Exercise prompt:
Here the job is to transcribe only the lines from the one containing "Urban Classics Loose" through the last line below, exactly as written; please leave out pictures.
________________________________________
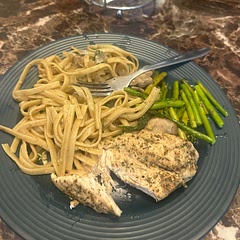 I did not use red wine so my toddler can eat it and she loves it  I also use another recipe from this app and it’s delicious. Everything’s delicious.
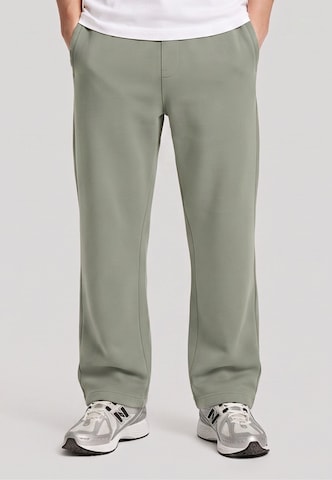 Urban Classics Loose fit Pants in Grey: front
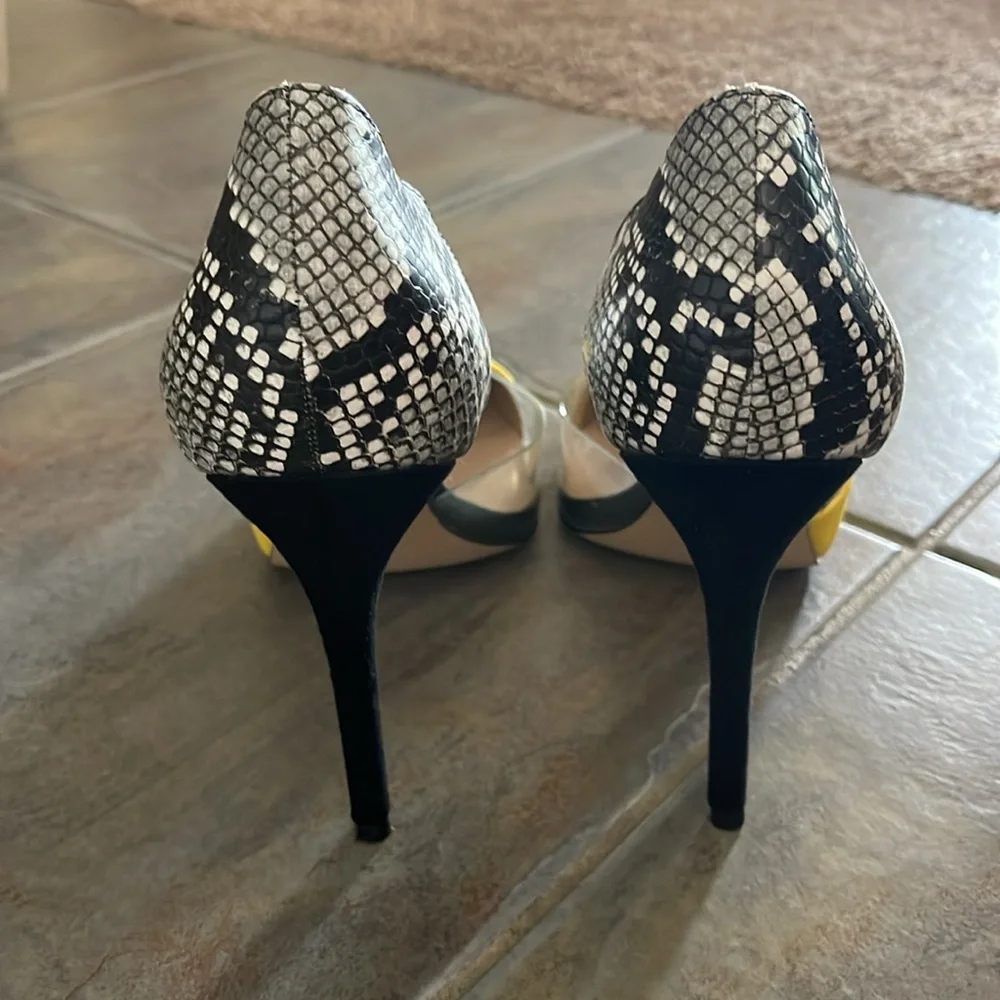 Mix No. 6 Hilani Pump in Yellow and Snake Skin - Picture 3 of 9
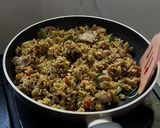 Foto langkah ke 4 dari resep Nasi Goreng Rawon.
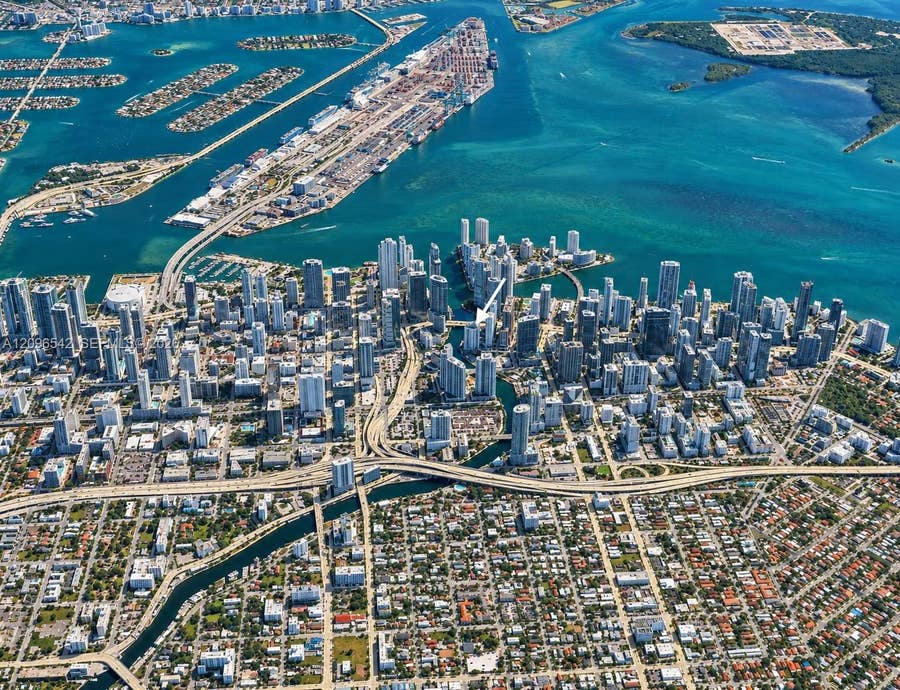 Property photo for 31 SE 5th Street 31 Se 5th Street, #4314, Miami, FL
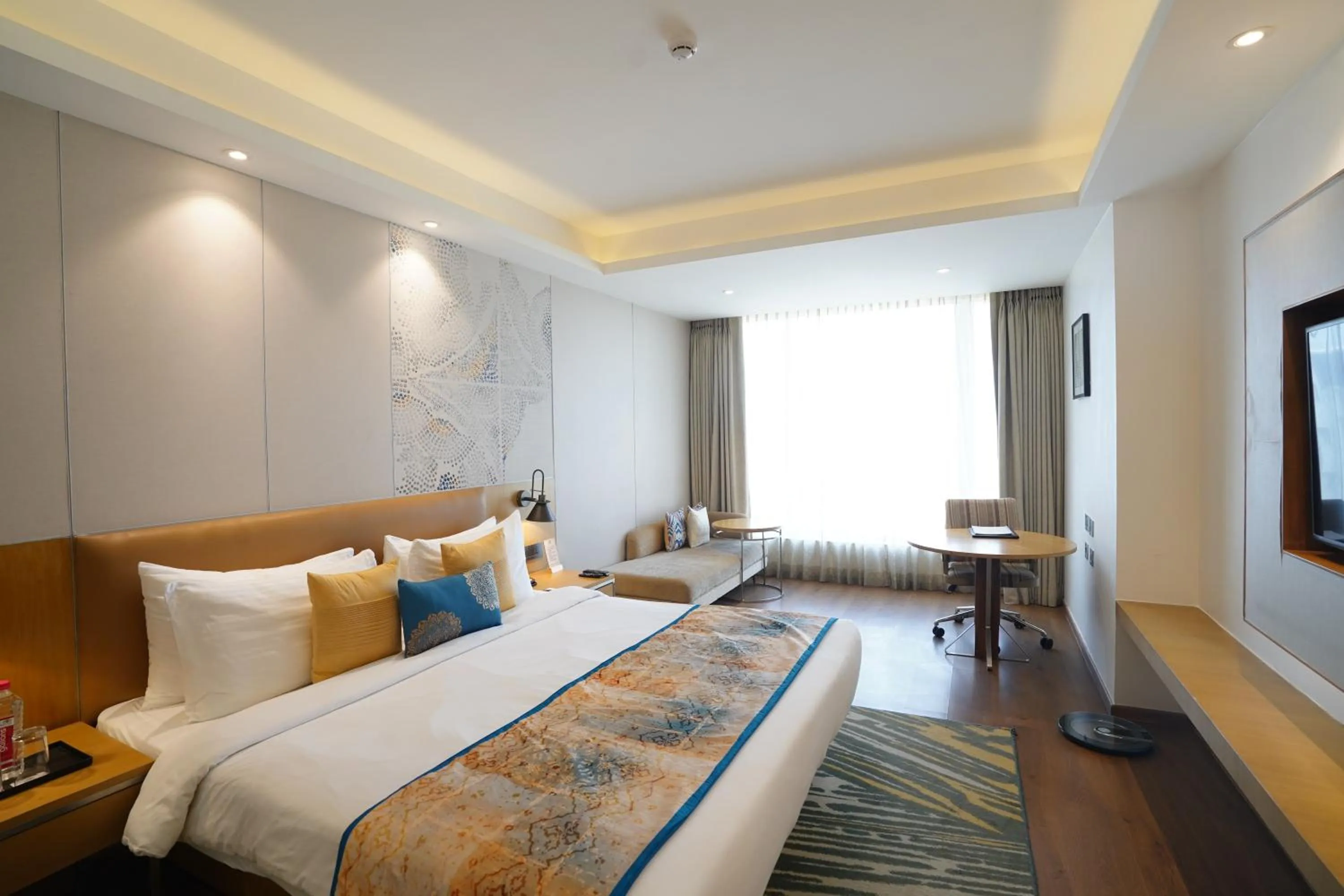 Grand Room King Bed in Sayaji Jamnagar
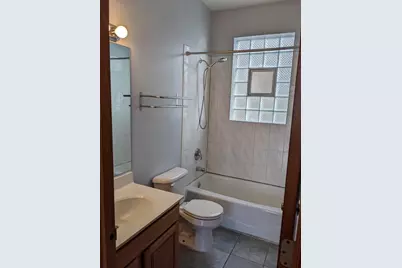 7322 N Claremont Avenue #2E, Chicago, IL 60645 - Photo 12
________________________________________
Completed task:
 Urban Classics Loose fit Pants in Grey: front
 Mix No. 6 Hilani Pump in Yellow and Snake Skin - Picture 3 of 9
 Foto langkah ke 4 dari resep Nasi Goreng Rawon.
 Property photo for 31 SE 5th Street 31 Se 5th Street, #4314, Miami, FL
 Grand Room King Bed in Sayaji Jamnagar
 7322 N Claremont Avenue #2E, Chicago, IL 60645 - Photo 12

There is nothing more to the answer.